Angel Witch are a British heavy metal band from London. Formed in 1978 following the breakup of earlier outfit Lucifer, the group originally included vocalist and lead guitarist Kevin Heybourne, rhythm guitarist Rob Downing, bassist and keyboardist Kevin "Skids" Riddles, and drummer Dave "Day Vog" Hogg. The group's current lineup includes Heybourne, bassist Will Palmer (since 2009), rhythm guitarist Jimmy Martin (since 2015) and drummer Fredrik Jansson (since 2016).

History

1978–1990
After the breakup of Lucifer in 1978, Kevin Heybourne and Rob Downing formed Angel Witch with bassist Kevin "Skids" Riddles and drummer Dave "Day Vog" Hogg.
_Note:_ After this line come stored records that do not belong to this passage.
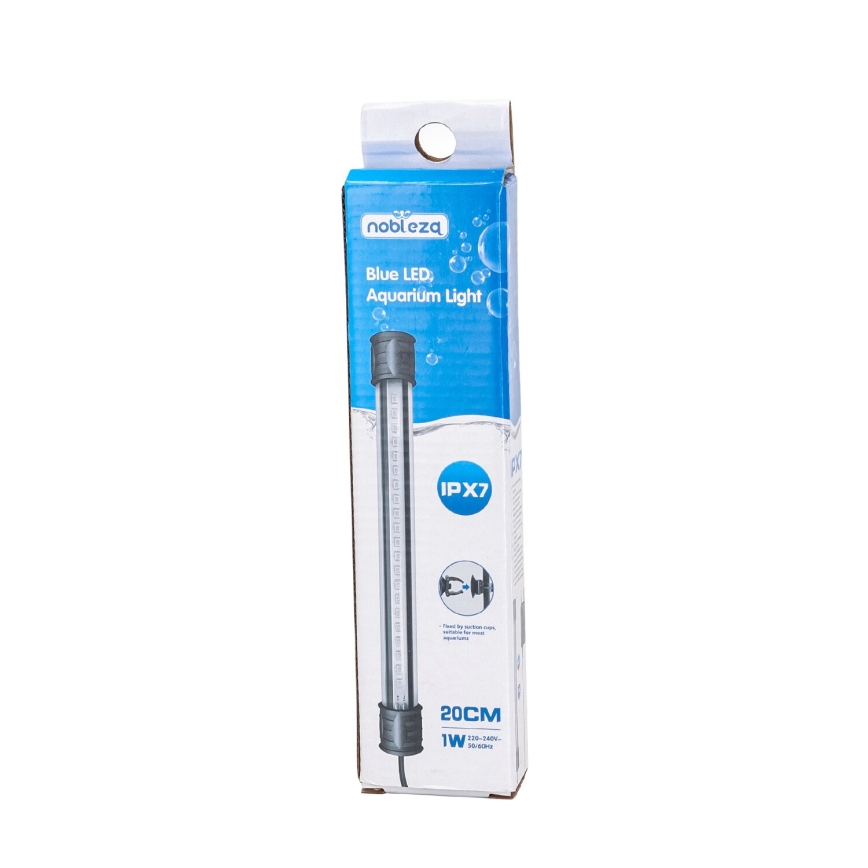 Nobleza - LED osvjetljenje akvarija LED/1W/230V IPX7 20 cm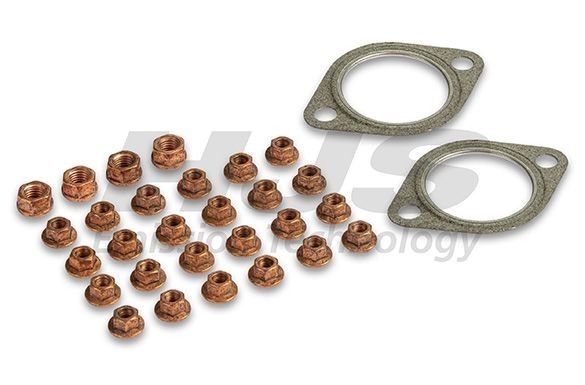 HJS Mounting Kit, catalytic converter Article number: 82 12 2319 cheaply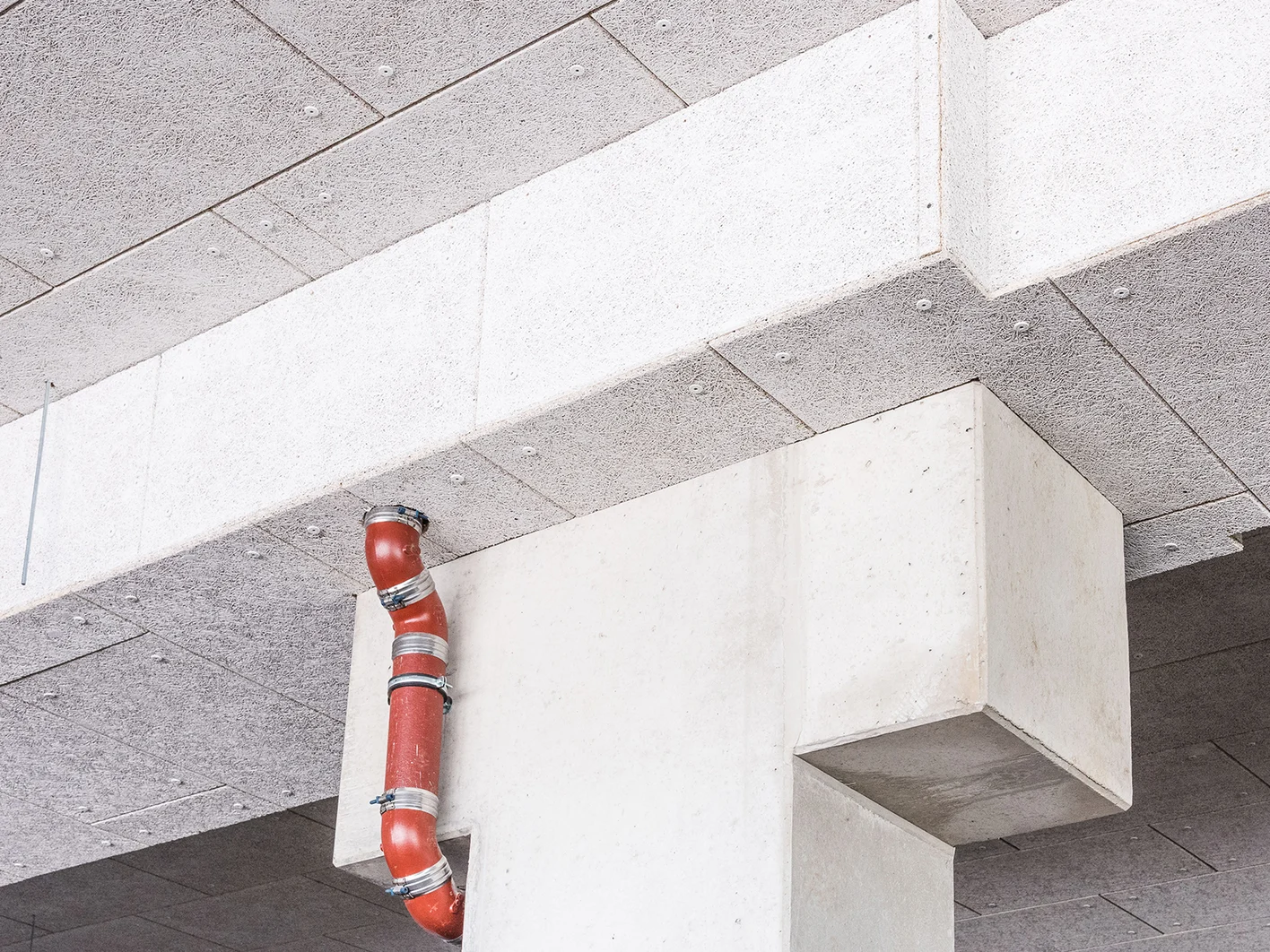 Referenz Globus Eschborn Garage Ansicht Detail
The band released their first demos over the next year, before Downing left in December 1979 and the group became a trio. Shortly after the recording of their self-titled debut album, Hogg was forced to leave Angel Witch due to illness, with Dave Dufort taking his place. In the second half of 1981, both Dufort and Riddles left to form Tytan together. Heybourne subsequently disbanded Angel Witch and joined Deep Machine.

Heybourne reformed Angel Witch less than a year later, bringing vocalist Roger Marsden and drummer Ricky Bruce from Deep Machine, and adding bassist Jerry Cunningham. Marsden left shortly after due to stylistic differences, with Heybourne taking up lead vocals again. By 1983, Angel Witch had disbanded again as Heybourne had joined Lou Taylor's new group Blind Fury, where he remained for "about eight months" before leaving at the end of the year. He reformed Angel Witch in 1984 with returning drummer Dave Hogg, plus bassist Peter Gordelier and vocalist Dave Tattum.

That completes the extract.